- [Requirement]: Repeat exactly the stretch of lines that starts with the one containing "Image links to" and ends with the last line of the material. Leave out pictures.
** The data follows **
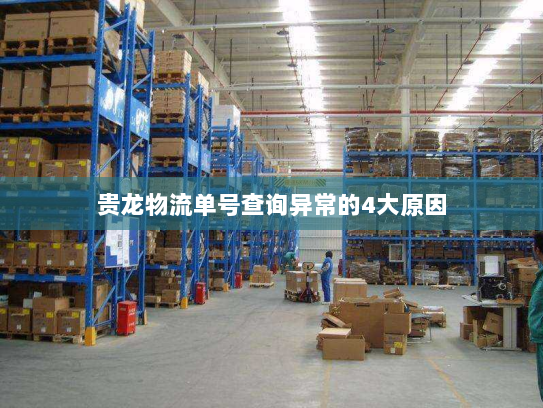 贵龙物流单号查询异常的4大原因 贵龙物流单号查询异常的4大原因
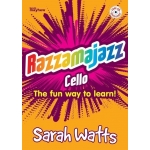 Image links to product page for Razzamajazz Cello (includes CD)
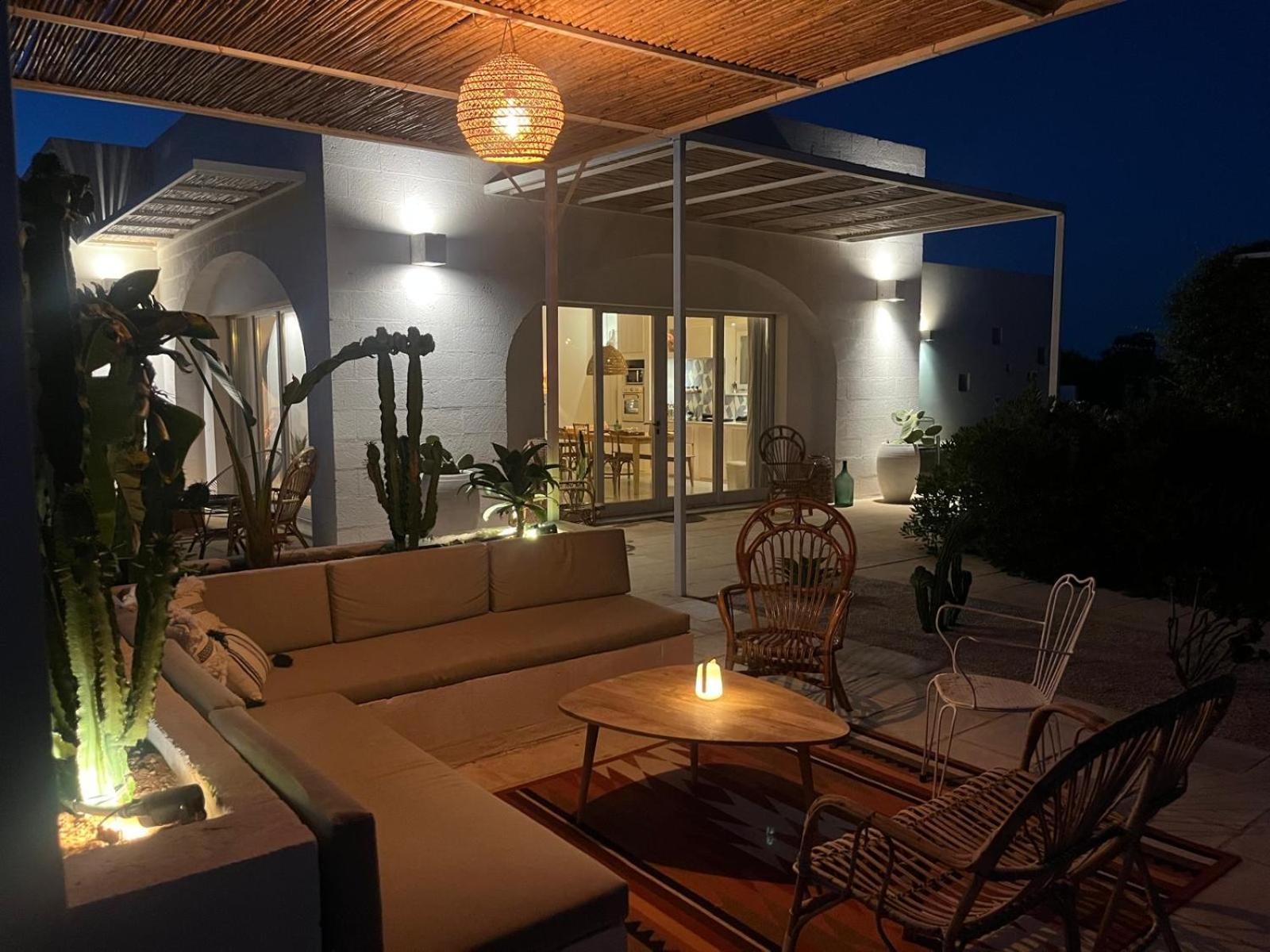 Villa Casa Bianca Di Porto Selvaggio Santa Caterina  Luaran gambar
** End of The data **
- [Output below]:
 Image links to product page for Razzamajazz Cello (includes CD)
 Villa Casa Bianca Di Porto Selvaggio Santa Caterina  Luaran gambar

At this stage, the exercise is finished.